Provided data: Begin

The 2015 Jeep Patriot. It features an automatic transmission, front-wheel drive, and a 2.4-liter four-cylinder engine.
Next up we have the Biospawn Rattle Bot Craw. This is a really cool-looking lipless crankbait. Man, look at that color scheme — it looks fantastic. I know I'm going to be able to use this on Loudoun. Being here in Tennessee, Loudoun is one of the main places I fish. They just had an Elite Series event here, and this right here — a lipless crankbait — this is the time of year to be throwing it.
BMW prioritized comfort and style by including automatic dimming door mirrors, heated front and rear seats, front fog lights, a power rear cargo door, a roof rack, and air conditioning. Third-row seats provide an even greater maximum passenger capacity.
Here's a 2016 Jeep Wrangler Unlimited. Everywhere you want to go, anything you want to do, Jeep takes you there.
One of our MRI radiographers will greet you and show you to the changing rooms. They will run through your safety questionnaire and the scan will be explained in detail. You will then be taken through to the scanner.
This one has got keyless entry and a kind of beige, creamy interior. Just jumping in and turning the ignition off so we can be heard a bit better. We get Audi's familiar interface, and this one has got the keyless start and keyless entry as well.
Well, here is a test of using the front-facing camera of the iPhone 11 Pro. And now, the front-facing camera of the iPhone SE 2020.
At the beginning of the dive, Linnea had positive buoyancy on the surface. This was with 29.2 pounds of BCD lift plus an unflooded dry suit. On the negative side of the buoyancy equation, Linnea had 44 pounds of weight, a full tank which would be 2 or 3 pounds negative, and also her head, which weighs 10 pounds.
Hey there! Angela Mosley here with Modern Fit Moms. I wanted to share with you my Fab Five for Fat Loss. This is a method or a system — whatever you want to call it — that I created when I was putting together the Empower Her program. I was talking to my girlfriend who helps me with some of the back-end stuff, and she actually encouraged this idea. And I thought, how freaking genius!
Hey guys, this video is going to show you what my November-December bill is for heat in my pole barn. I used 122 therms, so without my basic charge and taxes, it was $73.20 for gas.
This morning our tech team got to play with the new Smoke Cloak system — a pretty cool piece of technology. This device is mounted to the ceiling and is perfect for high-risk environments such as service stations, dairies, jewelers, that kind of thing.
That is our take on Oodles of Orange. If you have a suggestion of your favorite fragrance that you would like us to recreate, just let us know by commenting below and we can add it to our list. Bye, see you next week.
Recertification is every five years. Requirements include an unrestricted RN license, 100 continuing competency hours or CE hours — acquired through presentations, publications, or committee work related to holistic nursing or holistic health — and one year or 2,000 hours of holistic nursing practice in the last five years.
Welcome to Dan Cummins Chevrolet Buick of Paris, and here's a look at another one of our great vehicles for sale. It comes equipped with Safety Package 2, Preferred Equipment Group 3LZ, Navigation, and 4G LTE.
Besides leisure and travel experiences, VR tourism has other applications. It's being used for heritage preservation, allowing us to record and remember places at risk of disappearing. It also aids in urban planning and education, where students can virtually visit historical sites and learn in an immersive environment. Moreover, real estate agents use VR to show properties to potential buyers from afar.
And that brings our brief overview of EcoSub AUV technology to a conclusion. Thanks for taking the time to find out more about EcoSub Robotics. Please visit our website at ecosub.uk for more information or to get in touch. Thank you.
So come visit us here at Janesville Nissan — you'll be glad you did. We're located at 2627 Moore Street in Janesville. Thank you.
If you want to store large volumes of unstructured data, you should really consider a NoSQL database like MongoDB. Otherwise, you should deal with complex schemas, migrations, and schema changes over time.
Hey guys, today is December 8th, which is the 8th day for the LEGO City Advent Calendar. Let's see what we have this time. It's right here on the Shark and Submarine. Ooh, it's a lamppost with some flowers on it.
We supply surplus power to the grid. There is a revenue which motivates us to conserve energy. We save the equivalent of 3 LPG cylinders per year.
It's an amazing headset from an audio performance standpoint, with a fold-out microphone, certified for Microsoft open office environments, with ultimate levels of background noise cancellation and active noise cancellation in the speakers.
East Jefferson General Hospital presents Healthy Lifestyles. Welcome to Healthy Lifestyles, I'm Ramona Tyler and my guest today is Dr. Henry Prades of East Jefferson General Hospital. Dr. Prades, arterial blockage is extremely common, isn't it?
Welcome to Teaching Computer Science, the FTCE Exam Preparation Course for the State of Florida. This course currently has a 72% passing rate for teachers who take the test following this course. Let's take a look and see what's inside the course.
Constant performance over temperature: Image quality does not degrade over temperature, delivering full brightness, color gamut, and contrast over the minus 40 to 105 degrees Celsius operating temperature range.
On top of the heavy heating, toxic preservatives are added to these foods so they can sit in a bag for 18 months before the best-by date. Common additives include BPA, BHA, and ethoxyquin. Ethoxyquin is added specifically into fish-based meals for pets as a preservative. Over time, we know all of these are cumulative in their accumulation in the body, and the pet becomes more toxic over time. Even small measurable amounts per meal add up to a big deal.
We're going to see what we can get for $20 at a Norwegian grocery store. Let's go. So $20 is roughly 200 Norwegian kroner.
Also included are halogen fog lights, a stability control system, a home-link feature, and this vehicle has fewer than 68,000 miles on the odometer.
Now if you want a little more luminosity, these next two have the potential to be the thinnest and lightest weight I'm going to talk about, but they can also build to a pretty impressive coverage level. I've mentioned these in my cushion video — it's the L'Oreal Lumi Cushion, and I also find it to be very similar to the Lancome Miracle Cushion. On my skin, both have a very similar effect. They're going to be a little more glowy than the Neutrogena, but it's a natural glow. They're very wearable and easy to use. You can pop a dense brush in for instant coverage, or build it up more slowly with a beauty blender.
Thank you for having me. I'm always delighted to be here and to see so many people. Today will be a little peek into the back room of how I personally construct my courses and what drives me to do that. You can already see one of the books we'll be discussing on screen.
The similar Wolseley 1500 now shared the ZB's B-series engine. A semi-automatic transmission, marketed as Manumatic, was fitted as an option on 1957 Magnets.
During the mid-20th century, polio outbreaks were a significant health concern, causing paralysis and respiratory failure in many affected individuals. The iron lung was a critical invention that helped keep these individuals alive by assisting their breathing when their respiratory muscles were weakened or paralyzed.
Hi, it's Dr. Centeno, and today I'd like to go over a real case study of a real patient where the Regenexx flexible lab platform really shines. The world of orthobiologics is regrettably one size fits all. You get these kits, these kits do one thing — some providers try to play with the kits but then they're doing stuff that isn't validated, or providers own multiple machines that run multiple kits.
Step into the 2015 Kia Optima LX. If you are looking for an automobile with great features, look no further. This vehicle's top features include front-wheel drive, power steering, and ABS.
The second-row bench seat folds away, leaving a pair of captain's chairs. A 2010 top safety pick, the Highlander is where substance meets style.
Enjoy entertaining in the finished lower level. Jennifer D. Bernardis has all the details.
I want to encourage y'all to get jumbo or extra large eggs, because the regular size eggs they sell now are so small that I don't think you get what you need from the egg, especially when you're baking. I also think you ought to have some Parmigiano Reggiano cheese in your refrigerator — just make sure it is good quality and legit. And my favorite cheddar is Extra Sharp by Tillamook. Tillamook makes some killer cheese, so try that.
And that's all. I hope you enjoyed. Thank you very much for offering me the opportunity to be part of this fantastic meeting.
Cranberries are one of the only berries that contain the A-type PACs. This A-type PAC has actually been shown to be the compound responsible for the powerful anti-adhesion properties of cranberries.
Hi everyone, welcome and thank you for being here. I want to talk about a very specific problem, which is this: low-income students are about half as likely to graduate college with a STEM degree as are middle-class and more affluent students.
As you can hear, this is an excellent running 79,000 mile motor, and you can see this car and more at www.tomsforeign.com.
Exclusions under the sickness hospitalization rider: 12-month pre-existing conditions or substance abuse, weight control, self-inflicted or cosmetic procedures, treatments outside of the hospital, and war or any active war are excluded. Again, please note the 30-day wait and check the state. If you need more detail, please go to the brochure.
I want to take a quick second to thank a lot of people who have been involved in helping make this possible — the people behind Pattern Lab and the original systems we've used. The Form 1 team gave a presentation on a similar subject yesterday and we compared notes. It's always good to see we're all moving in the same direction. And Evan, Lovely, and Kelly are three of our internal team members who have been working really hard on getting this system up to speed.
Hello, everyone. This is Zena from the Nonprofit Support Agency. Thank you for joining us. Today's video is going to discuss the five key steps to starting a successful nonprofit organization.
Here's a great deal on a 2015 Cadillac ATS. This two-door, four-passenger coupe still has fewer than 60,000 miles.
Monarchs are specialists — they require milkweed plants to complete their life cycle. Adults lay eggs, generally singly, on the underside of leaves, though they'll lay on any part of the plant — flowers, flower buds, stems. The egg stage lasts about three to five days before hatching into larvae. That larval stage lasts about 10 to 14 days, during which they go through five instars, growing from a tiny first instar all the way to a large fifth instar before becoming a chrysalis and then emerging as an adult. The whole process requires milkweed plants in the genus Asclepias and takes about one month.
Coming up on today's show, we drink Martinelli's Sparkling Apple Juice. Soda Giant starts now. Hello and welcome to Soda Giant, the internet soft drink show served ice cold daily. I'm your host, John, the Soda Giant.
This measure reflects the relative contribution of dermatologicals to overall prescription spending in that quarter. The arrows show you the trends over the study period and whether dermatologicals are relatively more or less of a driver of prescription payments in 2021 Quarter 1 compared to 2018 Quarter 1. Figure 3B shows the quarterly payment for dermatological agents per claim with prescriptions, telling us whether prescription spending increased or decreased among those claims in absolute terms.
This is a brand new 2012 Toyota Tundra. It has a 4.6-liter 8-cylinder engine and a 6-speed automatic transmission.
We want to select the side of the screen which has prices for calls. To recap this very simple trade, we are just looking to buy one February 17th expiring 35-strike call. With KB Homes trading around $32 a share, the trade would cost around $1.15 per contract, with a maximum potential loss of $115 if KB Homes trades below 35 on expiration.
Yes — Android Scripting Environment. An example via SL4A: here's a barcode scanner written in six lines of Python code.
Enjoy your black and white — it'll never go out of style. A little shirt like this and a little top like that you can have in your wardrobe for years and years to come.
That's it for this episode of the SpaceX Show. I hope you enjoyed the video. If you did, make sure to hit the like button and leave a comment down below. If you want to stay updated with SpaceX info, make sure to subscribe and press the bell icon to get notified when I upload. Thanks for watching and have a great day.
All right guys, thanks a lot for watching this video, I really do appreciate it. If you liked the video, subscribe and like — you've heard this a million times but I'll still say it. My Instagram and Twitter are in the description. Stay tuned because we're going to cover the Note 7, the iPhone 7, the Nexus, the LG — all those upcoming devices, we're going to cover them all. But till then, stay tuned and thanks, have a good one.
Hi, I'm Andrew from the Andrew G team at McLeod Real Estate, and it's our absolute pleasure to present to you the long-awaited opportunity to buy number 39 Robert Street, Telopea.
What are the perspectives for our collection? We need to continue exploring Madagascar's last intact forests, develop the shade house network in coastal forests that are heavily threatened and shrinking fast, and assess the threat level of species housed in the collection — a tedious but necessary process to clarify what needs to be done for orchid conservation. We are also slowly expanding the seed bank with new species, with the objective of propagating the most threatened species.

Provided data: End

= Work to complete =
A single number is required: how many lines in the material above include the string "second".

= Task result =
2